ACCUSÉ DE COMPLOT DANS L’AFFAIRE SWEAT BEAUTY : L’ancien Procureur, Serigne Bassirou Gueye répond à Ousmane Sonko
Serigne Bassirou Guèye ancien Procureur de la République et actuel Président de l’Ofnac a fait face à la presse, hier, pour répondre à Ousmane Sonko. « Je suis ici juste pour clarifier à propos des accusations qui sont formulées à mon encontre par Ousmane Sonko depuis le début du dossier qui l’oppose à Adji Sarr », précise t-il.

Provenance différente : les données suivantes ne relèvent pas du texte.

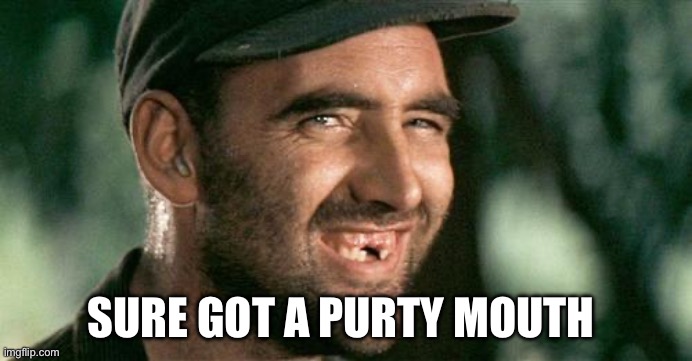 Deliverance HIllbilly | SURE GOT A PURTY MOUTH | image tagged in deliverance hillbilly | made w/ Imgflip meme maker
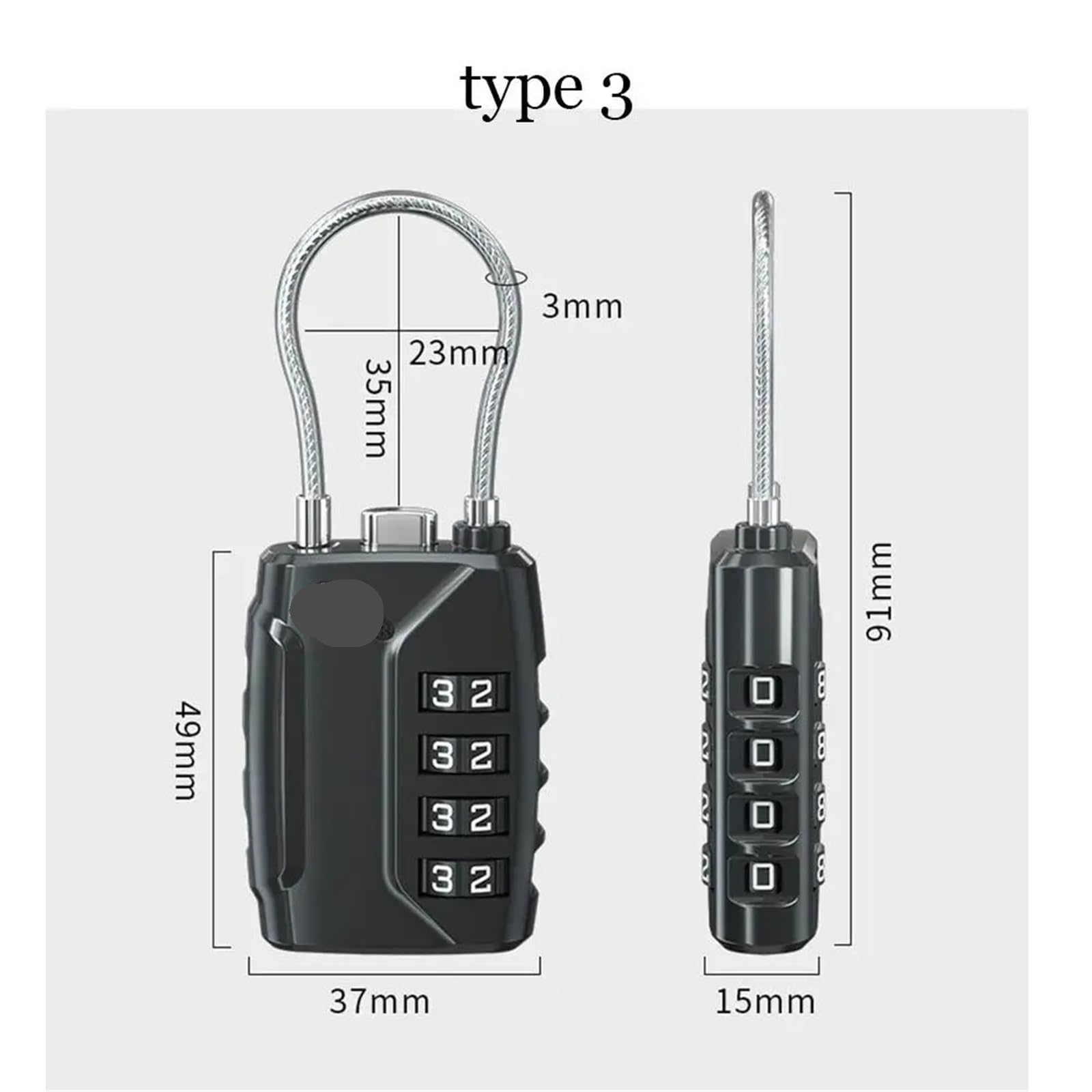Lucchetto portatile con cavo metallico, for valigia da viaggio, bagaglio, con combinazione a 4 cifre, strumento di sicurezza, 1 pezzo(Type 1)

Visiblement très en verve, il poursuit : « Il me reproche trois Choses. Il dit que j’ai voulu l’arrêter quand on était en enquête préliminaire. Il dit que j’ai enlevé des éléments à décharges le concernant et introduit dans le dossier des pièces qui n’en faisaient pas partie uniquement pour le charger. Sur ces trois points, j’ai démontré qu’il s’agit d’affirmations fausses ».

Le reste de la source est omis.